In his dissent Rehnquist argued that the Texas laws should not have been subjected to "strict scrutiny" but to the "rational relations" test. This was the test traditionally applied in due process cases, he wrote. And the Texas laws clearly passed the "rational relations" test: "[T]he Court's sweeping invalidation of any restrictions on abortion during the first trimester is impossible to justify under that standard, and the conscious weighing of competing factors that the Court's opinion apparently substitutes for the established test is far more appropriate to a legislative judgment than to a judicial one."

The gist of the problem was this: the Court was claiming that abortion was a fundamental constitutional right.
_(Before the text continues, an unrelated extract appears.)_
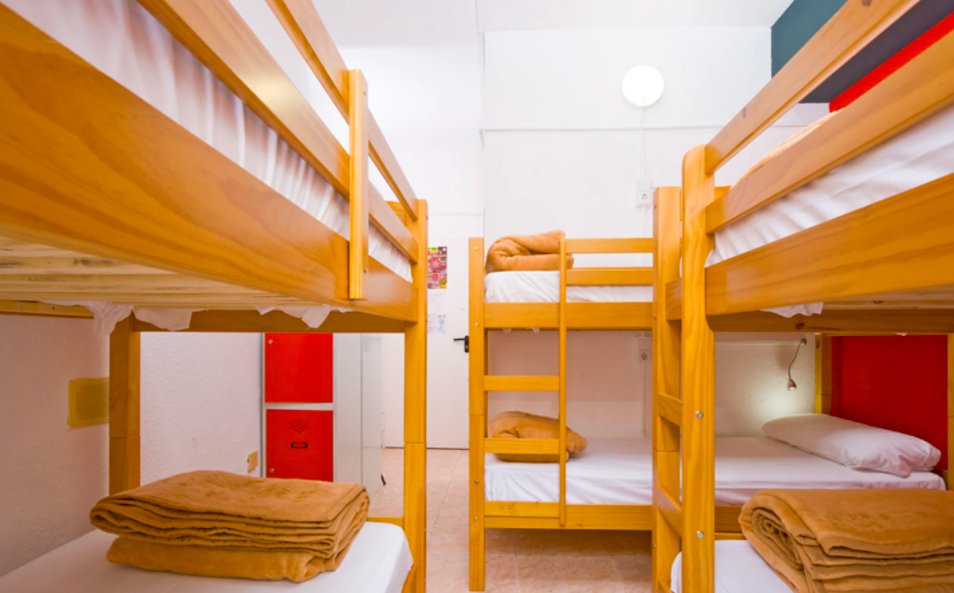 Фото Motion Hostel Gran Vía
Laws that came in conflict with fundamental rights are traditionally subjected to strict scrutiny. But the court was also (apparently) claiming that abortion was a right according to the Fourteenth Amendment's "due process" clause. The Court was trying to locate abortion as a due process right, Rehnquist was arguing, but was using a level of scrutiny that had not been associated with such rights. Thus the Court had accomplished "the seemingly impossible feat of leaving this area of the law more confused than it had found it."
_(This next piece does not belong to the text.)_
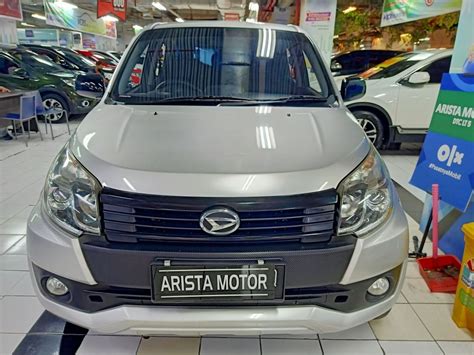 Harga OTR Daihatsu Terios 2006 2018 Di Surabaya Simulasi Kredit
That was not all, however. Rehnquist saw another problem with the Court's adoption of the "compelling interest" test: it would inevitably lead to judges acting as legislators in an attempt to determine which state interests were "compelling" and which were not. The Roe decision itself, and especially its tortuous trimester scheme, was an excellent case in point: "The decision here to break pregnancy into three distinct terms and to outline the permissible restrictions the State may impose in each one, for example, partakes more of judicial legislation than it does of a determination of the intent of the drafters of the Fourteenth Amendment."
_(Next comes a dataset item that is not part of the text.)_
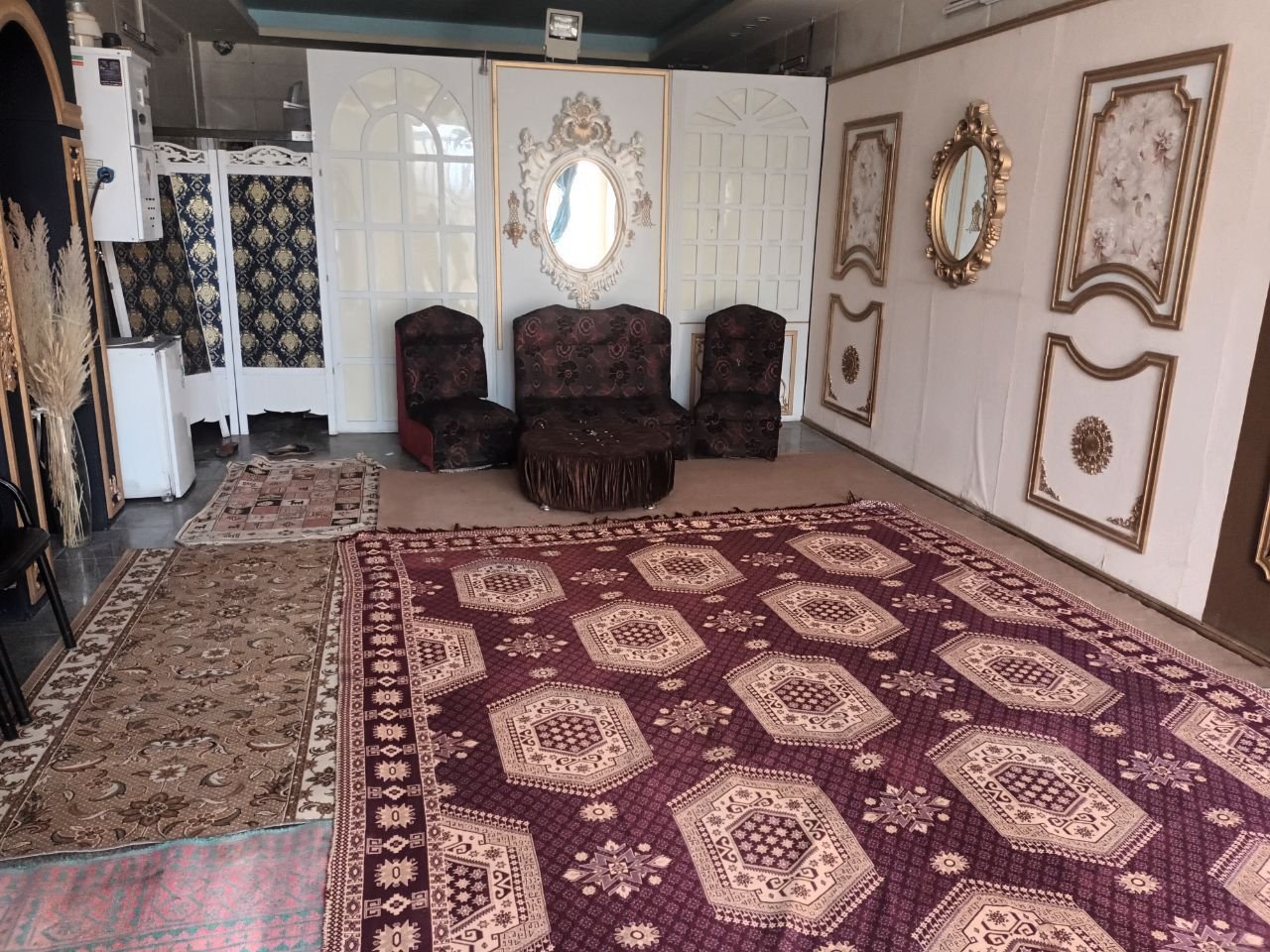 آپارتمان یک خوابه دادگستری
Due Process Clause Consistent with Abortion Laws

Moreover, he pointed out, the "right" that Blackmun and the rest of the majority claimed to discover was apparently unknown to the framers of the Fourteenth Amendment itself. At the time that Amendment was passed in 1868 there were laws against abortion in 36 states, including the very Texas law that the Court was now striking down. "There apparently was no question concerning the validity of this provision or of any of the other state statutes when the Fourteenth Amendment was adopted. The only conclusion possible from this history is that the drafters did not intend to have the Fourteenth Amendment withdraw from the States the power to legislate with respect to this matter."